As dams go, the Edwards wasn’t particularly large: 24 feet high and 920 feet long. And when a backhoe tore into the impoundment 20 years ago this week and freed the river for the first time in 162 years, it didn’t look or sound terribly dramatic to the crowd that gathered to watch on shore.
The dam was demolished only after federal regulators determined that the ecological benefits of removing it outweighed the value of the electricity it produced. That was something that had never occurred before.
Around the world, says Pete Didisheim of the Natural Resources Council of Maine, people took notice. And as the Kennebec continues its natural resurgence, he says they’re still paying attention.
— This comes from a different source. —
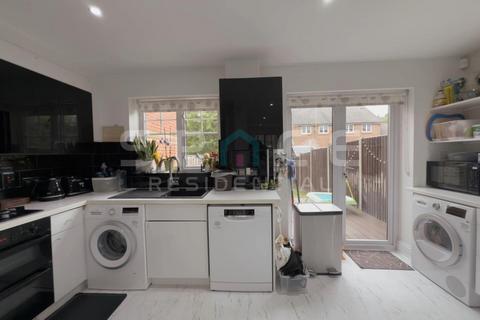 undefined, 3 bedroom town house in Magnolia Gardens HA8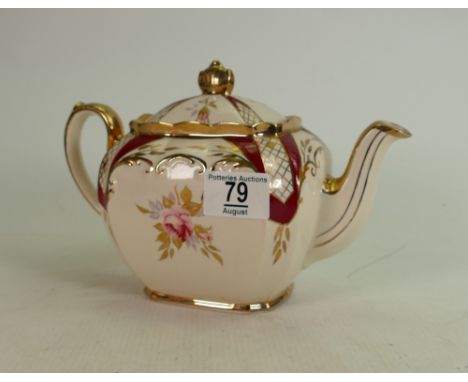 Sadler cube teapot: with floral and gild decoration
“Just before the breach, then-Secretary of Interior Bruce Babbitt predicted that this dam removal would mark the beginning of an entirely new chapter in watershed restoration, and did it ever,” said Didisheim, who was among those gathered at Mill Park in Augusta Monday to toast the 20th anniversary of the dam’s removal.
Since 1999 the Fort Halifax Dam in Winslow has been removed along with the Great Works and Veazie dams on the Penobscot River, restoring 2,000 miles of habitat to sea-run fish. Similar efforts are taking place around the country.
According to the group American Rivers, nearly 1,200 dams have been demolished over the past 20 years, with a record 99 taken out in 2018 alone. At the time of the Edwards Dam’s removal, not everyone thought it was a good idea, as then-Augusta Mayor William Dowling acknowledged in his remarks to the crowd.
“Whether you support the removal or not, we will move forward and look at the river with new eyes,” he said.
Augusta was home not only to the dam but to the paper manufacturing plant it powered and to some residents who thought of the Kennebec only as a working river.
“‘You want to bring salmon back to the Kennebec? I wouldn’t let my dog swim in that river.’‘ That’s a quote I heard in 1996,” says Jeff Reardon of Trout Unlimited.
Reardon describes himself as a “passionate angler” and says the Kennebec’s potential was not as obvious 30 years ago as it is now. Today, he says the river is home to more than four million alewives and is considered the best shad fishery on the East Coast.
It’s even possible, says State Sen. Matt Pouliot of Augusta, to watch giant Atlantic sturgeon leap out of the water as you sip a beer in a tasting room on Water Street, where the windows face the Kennebec, something that never would have been imagined, he says, until the dam came down.